[Saturday, September 1 update] On Saturday, Noah Levine sent an open letter to the Against the Stream and Refuge Recovery communities addressing the allegations of sexual misconduct against him and the organization’s decision to shut down its centers.
Read the letter in its entirety below:
This is a complicated letter to write because I am essentially writing three groups of people in one open letter. I have a completely different perspective of my experiences with each of you individually and as groups of people. I’m going to approach this with compassion, willingness to listen and attempt to make sense of what is a layered, messy, painful situation.
I feel that it’s important for everyone to know that none of this had anything to do with students of ATS or members of Refuge Recovery. These were issues that came from my personal life.

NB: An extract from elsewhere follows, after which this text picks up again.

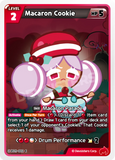 CRB-BS11-002 C Macaron Cookie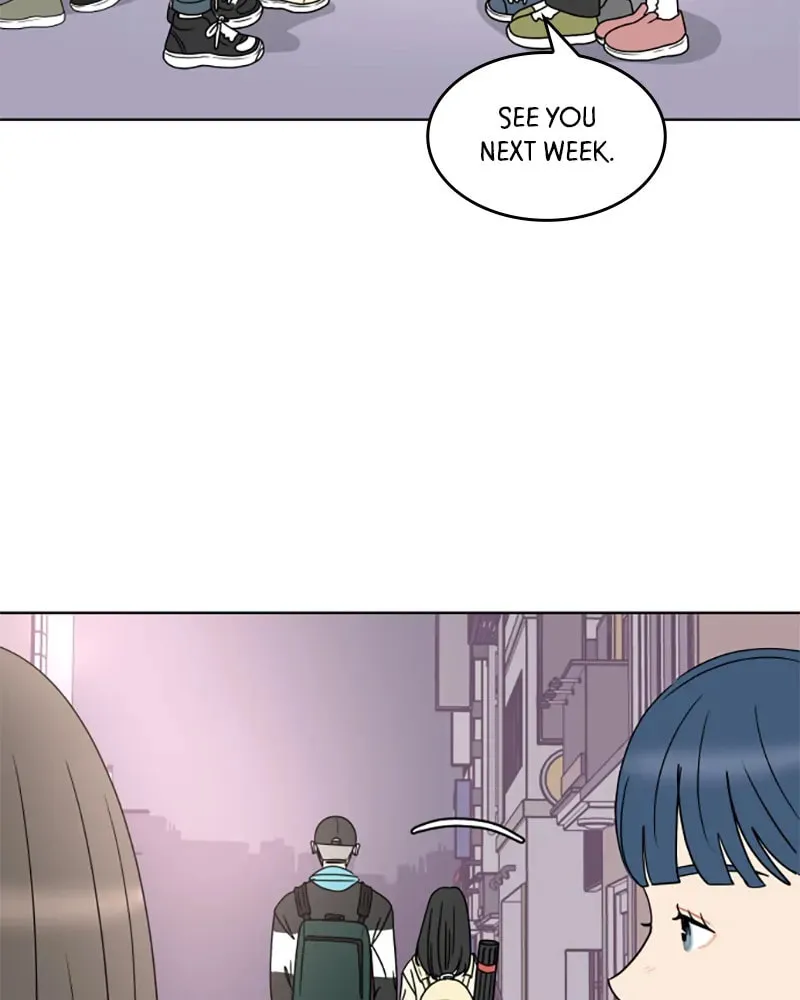 Read 30 Minute Walk chapter 169 image 76 on Lezhin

I take full responsibility for anything that I have actually done. And will continue to be honest and cooperative with the process and anyone seeking the truth. That said, I will likewise also continue to tell the truth about what never happened, such as the accusation that I assaulted someone.
To the women who have come forward and expressed a sense of suffering because of interpersonal experiences with me, I am sorry I caused you harm and I ask your forgiveness. I wanted to connect and to explore a relationship. This has been a deeply painful learning experience. I want to take full responsibility for any harm I caused to anyone and everyone with whom I have had a dating relationship. I want to make amends for my behavior if it didn’t feel good to them. I don’t want to defend or minimize. It is important to me that any woman who felt harmed, now feels heard. I want to understand. It matters. I was shocked to hear (months later) that someone was unhappy in any way with our interactions. I was not aware at the time that anything was amiss with how we connected. Whenever a boundary was stated – physical, emotional, or otherwise – I always honored it.
This is part of the learning for me in all of this – that just because someone doesn’t say “No” or express displeasure at the time, doesn’t always mean they are happy about it. I can also see that I wasn’t taking into account my power/privilege and status as a dharma teacher in my personal dating life. Perhaps I’ve had some denial or dismissive tendencies around my role as the founder of these two communities (ATS and RR). This has been a very painful way to wake up to the reality of who I am and how I’m seen by others.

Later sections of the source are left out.